(Task goal) From the records below, please repeat exactly the line that has "Fototapeta Minimalist interior", the line that has "Aviator Nation Black", and every line between them, and nothing else.

(Extracted records)

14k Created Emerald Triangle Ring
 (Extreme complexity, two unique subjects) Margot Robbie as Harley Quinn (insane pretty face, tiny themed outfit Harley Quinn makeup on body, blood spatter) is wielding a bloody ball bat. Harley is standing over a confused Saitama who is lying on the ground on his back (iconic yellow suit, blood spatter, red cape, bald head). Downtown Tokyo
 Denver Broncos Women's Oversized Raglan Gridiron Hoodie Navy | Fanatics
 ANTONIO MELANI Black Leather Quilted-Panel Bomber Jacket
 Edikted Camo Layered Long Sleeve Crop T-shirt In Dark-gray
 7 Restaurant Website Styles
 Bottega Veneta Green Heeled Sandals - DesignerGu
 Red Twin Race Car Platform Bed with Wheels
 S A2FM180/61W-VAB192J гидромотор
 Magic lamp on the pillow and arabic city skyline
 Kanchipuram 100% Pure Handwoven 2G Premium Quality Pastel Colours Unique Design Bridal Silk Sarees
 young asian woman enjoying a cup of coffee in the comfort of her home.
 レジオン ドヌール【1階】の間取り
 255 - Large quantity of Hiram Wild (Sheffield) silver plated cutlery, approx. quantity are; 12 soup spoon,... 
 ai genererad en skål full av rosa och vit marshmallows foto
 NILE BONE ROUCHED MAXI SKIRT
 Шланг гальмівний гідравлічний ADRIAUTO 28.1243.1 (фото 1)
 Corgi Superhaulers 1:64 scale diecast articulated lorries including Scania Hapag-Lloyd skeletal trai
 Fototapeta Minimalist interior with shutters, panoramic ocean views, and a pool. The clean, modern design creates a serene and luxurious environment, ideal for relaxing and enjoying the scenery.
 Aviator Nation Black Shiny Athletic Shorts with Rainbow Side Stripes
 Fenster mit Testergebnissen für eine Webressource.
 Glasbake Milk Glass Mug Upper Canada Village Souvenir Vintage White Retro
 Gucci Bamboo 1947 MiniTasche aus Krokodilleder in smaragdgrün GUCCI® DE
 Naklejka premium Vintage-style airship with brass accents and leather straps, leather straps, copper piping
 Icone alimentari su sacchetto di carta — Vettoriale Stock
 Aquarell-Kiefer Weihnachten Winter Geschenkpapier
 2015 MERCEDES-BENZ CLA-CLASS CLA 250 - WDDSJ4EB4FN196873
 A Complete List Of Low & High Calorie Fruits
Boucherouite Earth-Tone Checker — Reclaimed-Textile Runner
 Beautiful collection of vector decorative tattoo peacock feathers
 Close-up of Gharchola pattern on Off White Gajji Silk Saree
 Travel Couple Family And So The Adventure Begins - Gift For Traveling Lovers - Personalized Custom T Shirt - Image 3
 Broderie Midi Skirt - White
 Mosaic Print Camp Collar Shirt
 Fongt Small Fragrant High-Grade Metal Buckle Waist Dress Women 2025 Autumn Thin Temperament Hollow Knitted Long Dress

(End Extracted records)

(Response to this exercise)
 Fototapeta Minimalist interior with shutters, panoramic ocean views, and a pool. The clean, modern design creates a serene and luxurious environment, ideal for relaxing and enjoying the scenery.
 Aviator Nation Black Shiny Athletic Shorts with Rainbow Side Stripes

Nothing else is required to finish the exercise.